(Source material begins)

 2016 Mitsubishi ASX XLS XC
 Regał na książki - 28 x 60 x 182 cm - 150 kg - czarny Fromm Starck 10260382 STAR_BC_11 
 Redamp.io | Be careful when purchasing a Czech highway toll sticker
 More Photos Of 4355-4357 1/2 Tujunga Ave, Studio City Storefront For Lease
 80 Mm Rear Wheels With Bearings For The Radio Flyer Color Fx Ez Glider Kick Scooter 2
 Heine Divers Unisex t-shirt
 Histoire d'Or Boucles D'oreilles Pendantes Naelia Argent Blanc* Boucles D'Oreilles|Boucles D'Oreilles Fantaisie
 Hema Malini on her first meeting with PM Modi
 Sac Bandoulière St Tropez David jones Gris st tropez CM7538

(Source material ends)
(Source material begins)

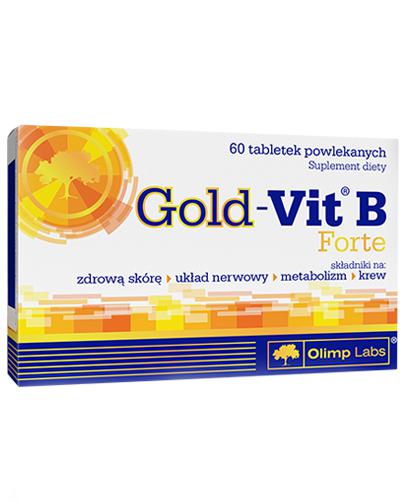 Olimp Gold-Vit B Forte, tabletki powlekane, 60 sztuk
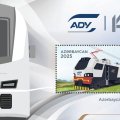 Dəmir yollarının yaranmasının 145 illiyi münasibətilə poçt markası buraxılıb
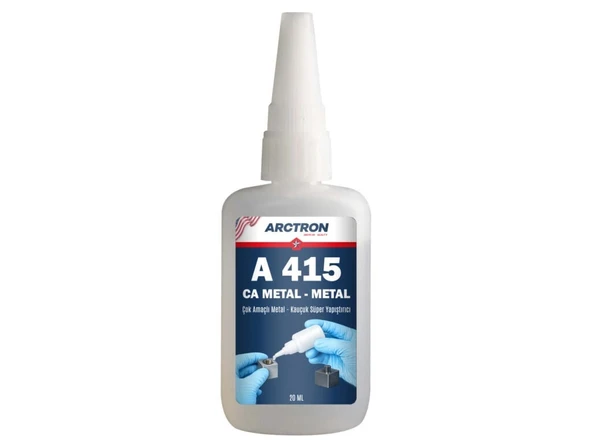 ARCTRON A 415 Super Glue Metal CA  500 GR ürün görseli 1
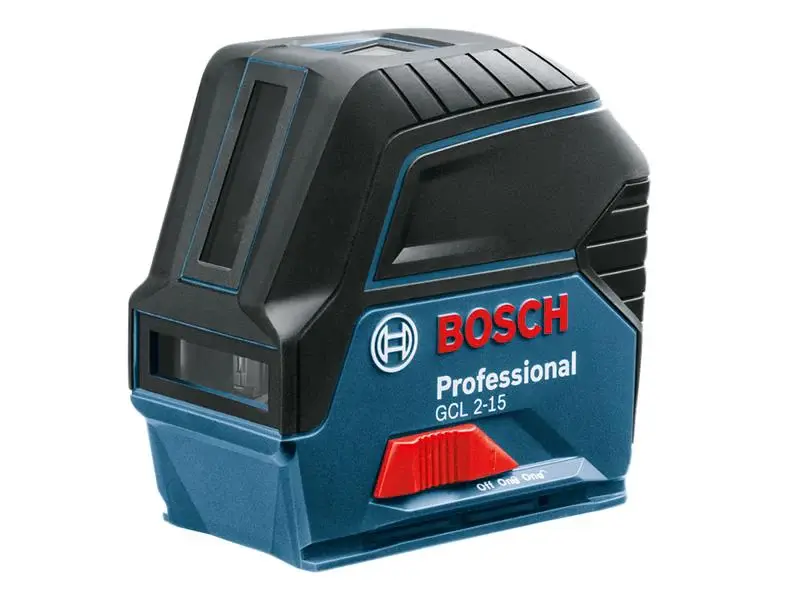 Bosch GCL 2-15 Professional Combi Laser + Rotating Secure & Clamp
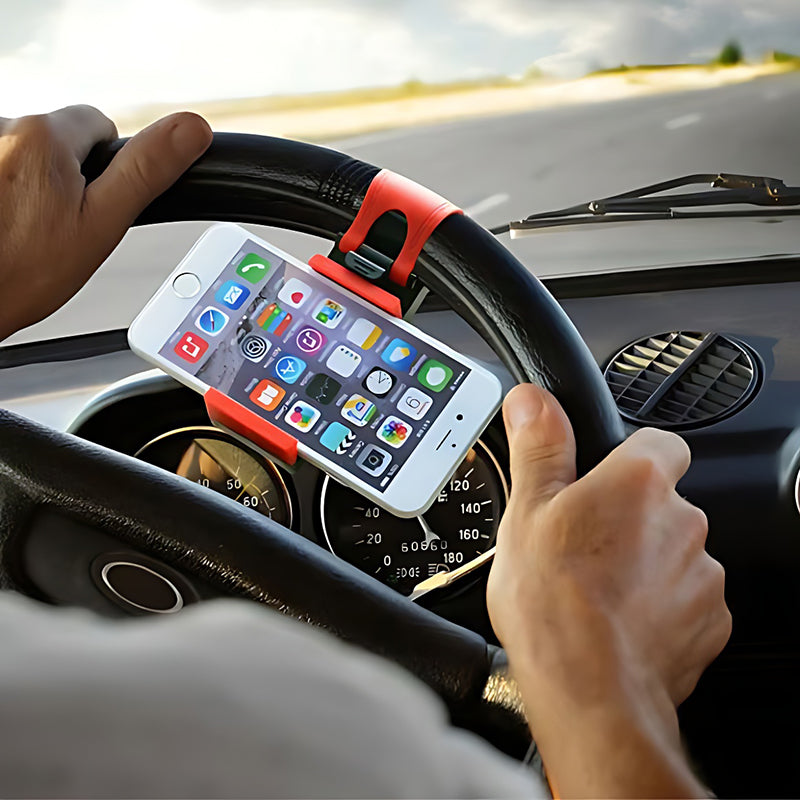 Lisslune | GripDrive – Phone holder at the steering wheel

(Source material ends)

• [What to work on] Reproduce exactly, and only, the part of the listing above that begins at the line with "2016 Mitsubishi ASX XLS XC" and goes on through the line with "Sac Bandoulière St".

• [Solution for this task]
 2016 Mitsubishi ASX XLS XC
 Regał na książki - 28 x 60 x 182 cm - 150 kg - czarny Fromm Starck 10260382 STAR_BC_11 
 Redamp.io | Be careful when purchasing a Czech highway toll sticker
 More Photos Of 4355-4357 1/2 Tujunga Ave, Studio City Storefront For Lease
 80 Mm Rear Wheels With Bearings For The Radio Flyer Color Fx Ez Glider Kick Scooter 2
 Heine Divers Unisex t-shirt
 Histoire d'Or Boucles D'oreilles Pendantes Naelia Argent Blanc* Boucles D'Oreilles|Boucles D'Oreilles Fantaisie
 Hema Malini on her first meeting with PM Modi
 Sac Bandoulière St Tropez David jones Gris st tropez CM7538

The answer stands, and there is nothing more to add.